= Beginning of Section =
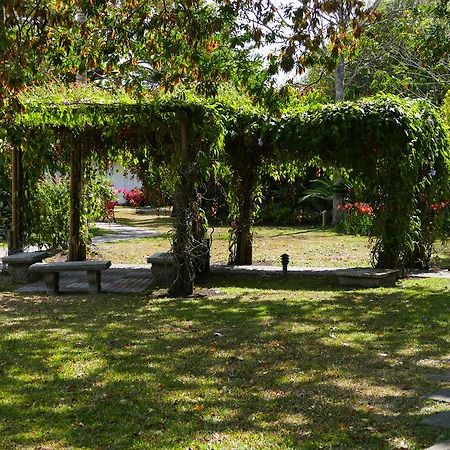 Hotel Bougainvillea San Jose Santo Domingo De Heredia Exterior foto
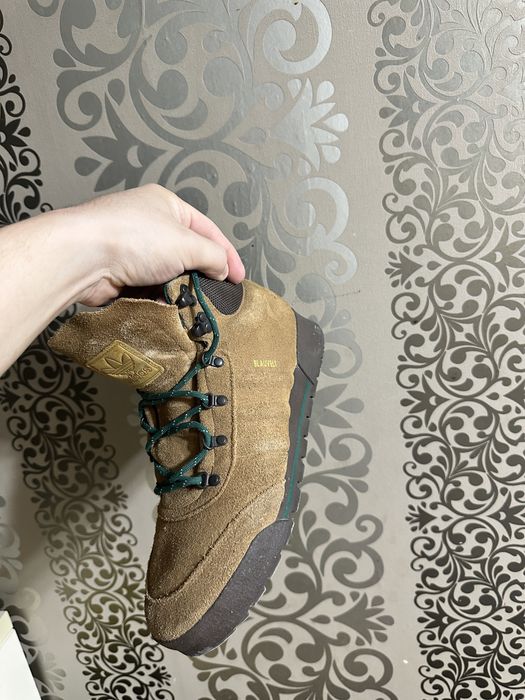 Adidas blauvelt boot 2.0 45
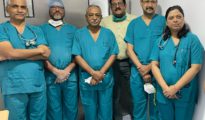 Asian KHMC Multispeciality Hospital Achieves Remarkable Milestone with 25 Successful Kidney Transplants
= End of Section =
Work task »
Restate the data word for word, minus any images.

Exercise result »
 Hotel Bougainvillea San Jose Santo Domingo De Heredia Exterior foto
 Adidas blauvelt boot 2.0 45
 Asian KHMC Multispeciality Hospital Achieves Remarkable Milestone with 25 Successful Kidney Transplants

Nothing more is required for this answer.